As one of my contributions to the Lead SA campaign, I’d like to tell you all to stop your moaning and complaining. Unless, of course, you plan some concrete action to back it up. It seems impossible to read a local news story that doesn’t have a stream of whiny complaints appended to it, where everything is wrong, and it’s always everybody else’s fault. This pervasive negativity can also be self-perpetuating. Consider the @PigSpotter micro-saga: There’s a confirmation bias at play there, in that many of the callers/bloggers/twitterers are focusing on the cops who fit whatever stereotype is at play, and forgetting that the majority (?) of cops don’t deserve this moniker. Second, any justified ire is more perhaps more appropriately directed at those who give the cops their instructions, not the cops themselves.

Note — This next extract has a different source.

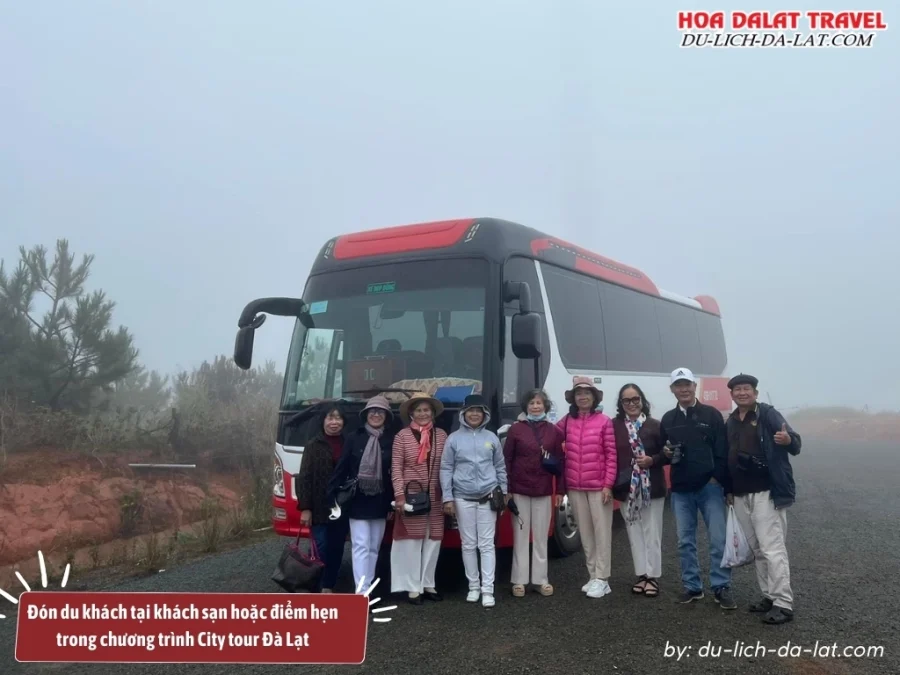 Đón du khách tại khách sạn hoặc điểm hẹn bắt đầu hành trình City Tour Đà Lạt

But instead, abuse and ridicule of police is now a sport played by thousands of motorists, who are aggrieved that someone has the impunity to try and prevent them from endangering themselves and others on the roads. Sure, some police may be corrupt, and if too few of them are exposed, we end up being exploited. I’ve seen no reason to suspect that this is the norm, though – instead, this appears to be a case of people actively – and publicly – trying to find ways to evade their legal responsibilities. Why should this activity be praised, or protected?
Having said that, of course it shouldn’t be criminal to call cops “pigs”, and it should remain criminal to harass motorists and search their cellphones, as police are reportedly now doing. But being allowed to call cops pigs doesn’t necessarily mean we should do it. If you do believe it appropriate to spread word of road blocks & speed traps, that same information can be passed on via Twitter or whatever other channel, sans the abuse. Which might be more in our interests, seeing as the abuse might simply make the cops more inclined to do whatever it is @pigspotter and his supporters accuse them of doing.

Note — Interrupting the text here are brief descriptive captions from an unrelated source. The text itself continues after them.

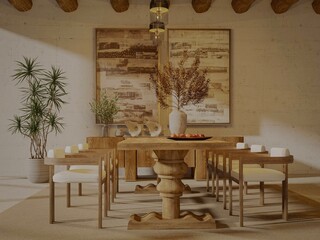 interior of dining room, soft light, warm, cozy, modern mixed classic furniture 3d rendering 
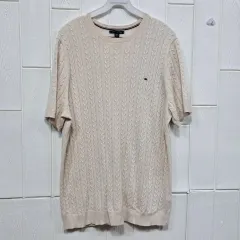 トミーヒルフィガー ケーブル 半袖 ニット アイボリー XXL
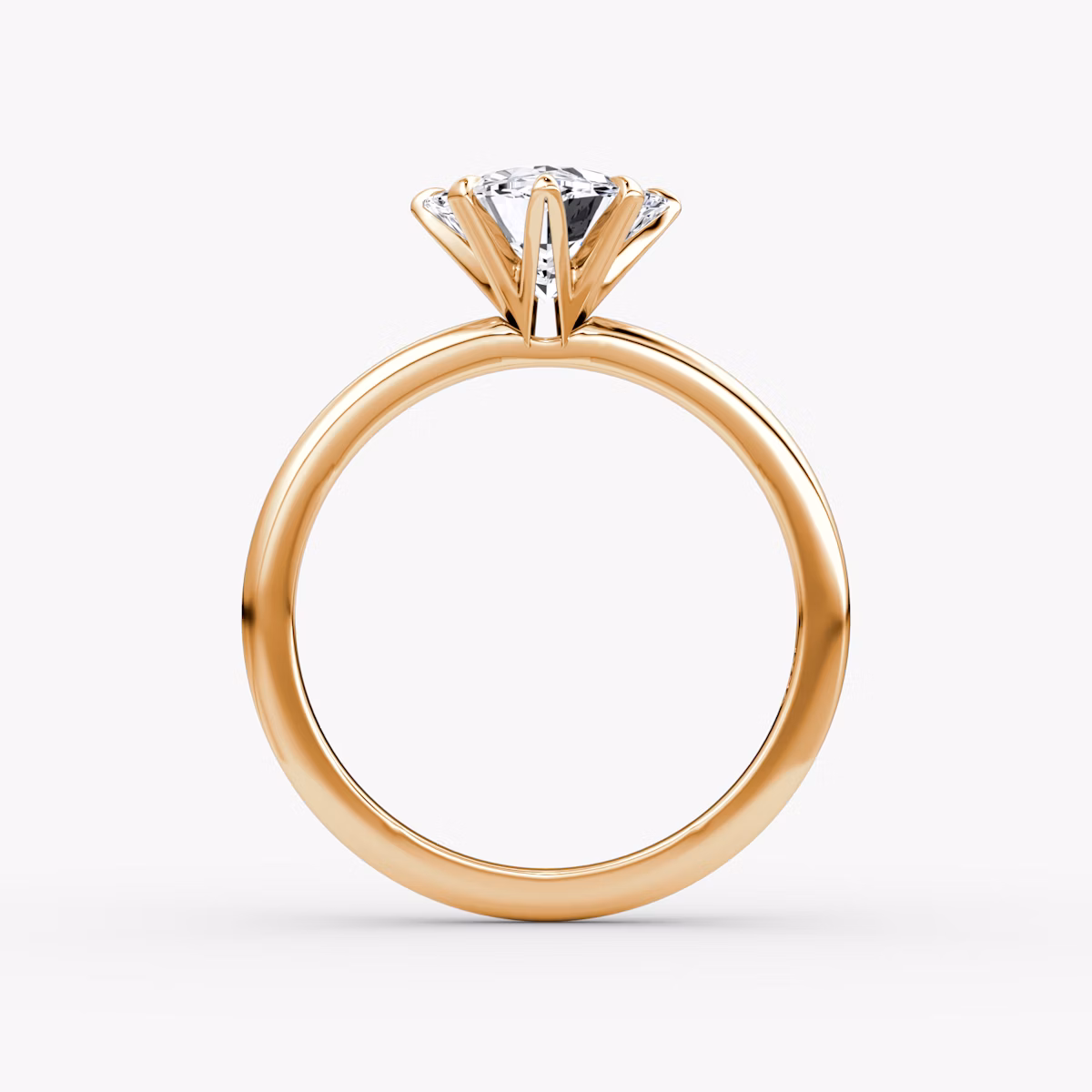 The V | Trillion | 14k | Rose Gold | bandAccent: Plain | diamondOrientation: vertical | caratWeight: other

Simply put, we’d have far less trouble with the law if we simply obeyed it. I’m of course making a general point, rather than addressing complications such as those involved where the law is wrong, and where we might have a moral or political duty to oppose it. Likewise, we’d make far less trouble for ourselves if we obeyed the common sense notion of doing our homework before investing in something, whether it be a product or a relationship. Sites like Hellopeter are replete with whines from people who bought something, or engaged with some firm or other, where the vendor or the product could be known to be unsatisfactory in advance – if the buyer had bothered to investigate the matter.

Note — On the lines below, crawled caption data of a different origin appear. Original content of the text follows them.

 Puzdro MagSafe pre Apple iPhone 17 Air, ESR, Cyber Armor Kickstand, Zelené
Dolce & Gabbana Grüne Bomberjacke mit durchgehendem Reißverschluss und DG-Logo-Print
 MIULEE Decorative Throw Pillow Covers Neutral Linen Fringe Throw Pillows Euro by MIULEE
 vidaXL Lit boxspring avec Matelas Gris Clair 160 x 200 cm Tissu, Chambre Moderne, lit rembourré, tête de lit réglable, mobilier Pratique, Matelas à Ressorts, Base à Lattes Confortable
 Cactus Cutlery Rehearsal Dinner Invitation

As any geek would attest, discussion forums dealing with complex electronic devices like smartphones are littered with this sort of victim mentality, where it’s always someone else fault that “my phone can’t do X” (if it’s an iPhone). Again, if something is that important to you, do your homework beforehand (as @6000 recently pointed out in typically diplomatic style). As with the Darwin awards, sometimes you entirely deserve what you get.
I speak from experience here, in that I recently sold a new laptop to a buyer I found via Gumtree. Except it turned out that the SMS’ed proof of payment he sent me was a fake, as I suggested it might be to the friend I was sitting with, waiting for the buyer. “It would be entirely my fault”, I said (or something like that), “because I’m too impatient to get rid of it, and can’t be asked to engage with any more emails or calls from random strangers. And so it proved to be my fault, and a guy going by the name of Mark Shoul has a free laptop (sorry, Larry, I could have just given it to you in the end), and a case number with “his name” on it at SAPS. But I don’t deserve to get anything back – I deserve exactly what I got, which is nothing, besides being taught a lesson.